The most striking change in recent years is the increased market share for NSB (Norwegian State Railway). In 2007, NSB had a market share of 7 percent, it was 15 percent in 2014, and as much as 21 percent in 2015. The boost is mainly due to more frequent trains and lower prices. The airport express train (Flytoget) has held stable at 35-38 percent, but has lost some ground in the competition with NSB in the last two years.

The data is based upon two different surveys: the Airport Service Quality survey (ASQ) is a global questionnaire survey conducted under the auspices of Airport Council International (ACI) and Avinor's own travel habits survey (RVU) which comprises around 50,000 interviews per year at Oslo Airport.

Both ASQ and RVU are selected sample surveys, and as such they yield somewhat differing public transport shares. In 2015, RVU showed a public transport share of 71.4 percent, while ASQ showed 69.1 percent. The increase in public transport share in 2015 was 4.6 percentage points in RVU and 1.5 percentage points in ASQ.

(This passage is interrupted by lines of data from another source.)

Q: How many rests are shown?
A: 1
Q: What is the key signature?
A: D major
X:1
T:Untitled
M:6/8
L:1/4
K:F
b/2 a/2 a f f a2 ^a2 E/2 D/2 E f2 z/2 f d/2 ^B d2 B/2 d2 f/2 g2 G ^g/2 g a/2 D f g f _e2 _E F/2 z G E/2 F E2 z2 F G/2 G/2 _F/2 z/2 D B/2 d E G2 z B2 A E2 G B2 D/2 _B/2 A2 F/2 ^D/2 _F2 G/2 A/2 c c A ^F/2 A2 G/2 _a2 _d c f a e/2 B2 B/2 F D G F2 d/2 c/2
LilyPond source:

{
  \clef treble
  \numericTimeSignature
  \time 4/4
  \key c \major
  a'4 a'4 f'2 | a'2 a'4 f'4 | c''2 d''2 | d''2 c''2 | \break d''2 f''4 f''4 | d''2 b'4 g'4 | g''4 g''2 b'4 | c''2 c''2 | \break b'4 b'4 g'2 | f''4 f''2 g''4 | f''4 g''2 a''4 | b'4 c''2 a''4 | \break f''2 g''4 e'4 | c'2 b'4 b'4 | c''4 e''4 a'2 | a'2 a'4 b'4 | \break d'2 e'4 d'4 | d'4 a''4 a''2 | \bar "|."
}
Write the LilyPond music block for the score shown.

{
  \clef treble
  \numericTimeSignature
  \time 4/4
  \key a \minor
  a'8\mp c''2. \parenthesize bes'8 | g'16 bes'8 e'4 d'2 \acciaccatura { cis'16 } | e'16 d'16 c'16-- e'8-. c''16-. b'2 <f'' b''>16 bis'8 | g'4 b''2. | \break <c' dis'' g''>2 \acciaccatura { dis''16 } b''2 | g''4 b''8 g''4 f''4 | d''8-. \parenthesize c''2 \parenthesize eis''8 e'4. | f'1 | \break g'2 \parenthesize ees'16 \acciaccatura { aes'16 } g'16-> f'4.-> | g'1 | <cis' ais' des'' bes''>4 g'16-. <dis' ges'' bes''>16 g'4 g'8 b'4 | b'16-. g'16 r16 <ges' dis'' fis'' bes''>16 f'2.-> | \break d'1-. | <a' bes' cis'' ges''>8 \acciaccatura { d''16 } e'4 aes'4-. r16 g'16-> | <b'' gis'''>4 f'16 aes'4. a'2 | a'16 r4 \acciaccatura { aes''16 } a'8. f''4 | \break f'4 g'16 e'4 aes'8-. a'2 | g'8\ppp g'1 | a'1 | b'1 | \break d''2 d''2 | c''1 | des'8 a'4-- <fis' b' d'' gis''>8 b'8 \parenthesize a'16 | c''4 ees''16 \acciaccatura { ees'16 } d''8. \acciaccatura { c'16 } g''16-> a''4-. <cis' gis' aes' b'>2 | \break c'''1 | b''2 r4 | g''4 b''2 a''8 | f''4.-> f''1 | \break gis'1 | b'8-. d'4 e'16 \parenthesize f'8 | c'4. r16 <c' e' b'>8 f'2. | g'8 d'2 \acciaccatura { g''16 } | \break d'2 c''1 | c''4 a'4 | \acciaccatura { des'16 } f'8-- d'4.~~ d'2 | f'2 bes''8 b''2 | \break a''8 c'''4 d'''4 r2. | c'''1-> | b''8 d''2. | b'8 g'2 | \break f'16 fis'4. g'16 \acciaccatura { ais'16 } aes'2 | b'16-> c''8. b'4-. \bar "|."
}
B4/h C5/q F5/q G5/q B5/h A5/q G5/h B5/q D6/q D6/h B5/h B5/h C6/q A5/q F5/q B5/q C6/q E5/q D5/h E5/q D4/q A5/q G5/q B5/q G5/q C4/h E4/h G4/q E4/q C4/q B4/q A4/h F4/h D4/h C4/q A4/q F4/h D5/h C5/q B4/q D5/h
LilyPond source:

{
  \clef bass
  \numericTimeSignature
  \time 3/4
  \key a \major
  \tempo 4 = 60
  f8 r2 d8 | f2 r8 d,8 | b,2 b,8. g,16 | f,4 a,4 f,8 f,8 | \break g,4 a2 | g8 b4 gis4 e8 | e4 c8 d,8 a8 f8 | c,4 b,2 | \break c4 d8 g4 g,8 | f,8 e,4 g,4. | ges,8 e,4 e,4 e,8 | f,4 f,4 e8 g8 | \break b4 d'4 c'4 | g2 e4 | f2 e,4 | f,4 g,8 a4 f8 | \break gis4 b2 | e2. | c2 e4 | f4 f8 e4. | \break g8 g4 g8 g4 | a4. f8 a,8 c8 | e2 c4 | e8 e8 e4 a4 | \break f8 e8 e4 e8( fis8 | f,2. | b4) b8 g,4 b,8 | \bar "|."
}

Avinor is confident it will be able to continue to grow public transportation access to oslo Airport but warns that future advances are mainly outside of its own control and responsibility.  These include making sufficient track and station capacity for trains, a public transport lane on E6, new services in areas with low public transportation rates, better cooperation between airlines and public transport companies, as well as stronger concentration of residential and job growth in Akershus County where Oslo Airport is located.